Past all the complexities and on easy hike back to south col (l). Nearing col, SW face behind (r).
Long, boring, pain in the butt hike out
Sunday August 26, 2012 (5pm to 11pm)
From the summit to our bivy camp took just under 4 hours. We spent one hour repacking and have a light early dinner, we left bivy at 5pm.
Last snacks before we hit the trail (l). Leaving our idyllic lakeside bivy site (r).
Our last view of the SW face, our bivy site was above the waterfalls (l). North-West Face of Mt. Fryatt seen from the fourth Geraldine Lake (r).
Long drive home
Sunday August 26 (11pm) to Monday August 27, 2012 (4am)

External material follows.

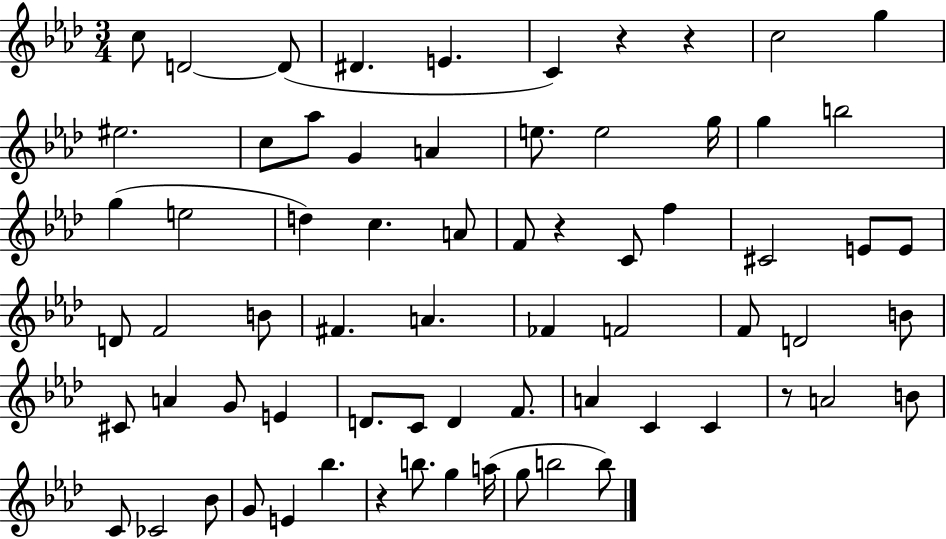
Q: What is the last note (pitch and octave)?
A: B5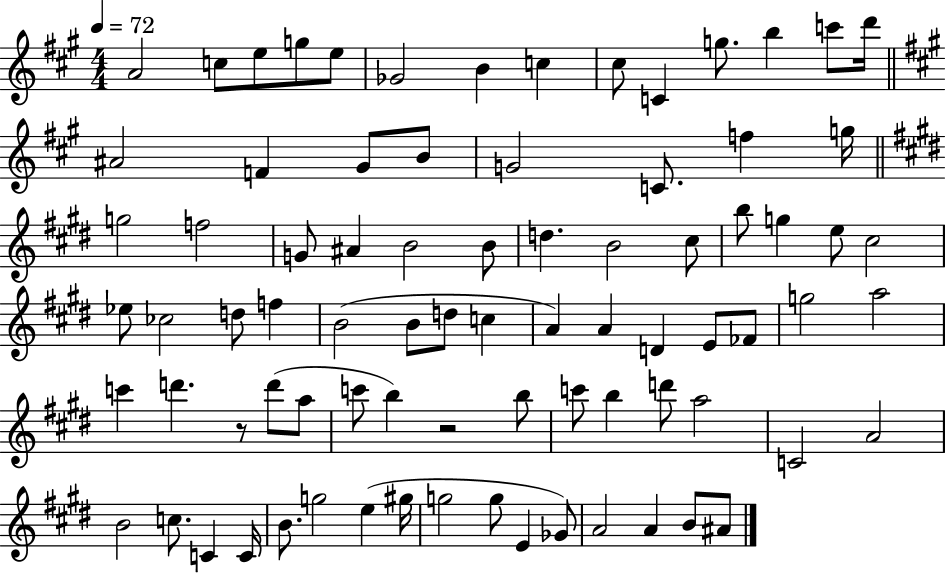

Now knowing we couldn’t drive from the trail head to Calgary in 3 hours, we were prepared for the worst. We pulled out of the parking lot around 11:15pm (6 hours from bivy location, in total our trip was 36 hours car to car). Vern was strong as I had the odd spontaneous nap, but about 1.5 hours into the drive Vern took a 10 minute nap, then back at ‘er. Another short nap between Lake Louise and Banff, then straight to the 24 hour McDonald’s drive through in Canmore. Apparently the drive through guy needed to “reset the system” and there was no food service for about 30 minutes, WTF? What system is being reset? We got food and drinks at a 24 hours convenience store and were home at 4am. Big kudos to Vern for the tough drive.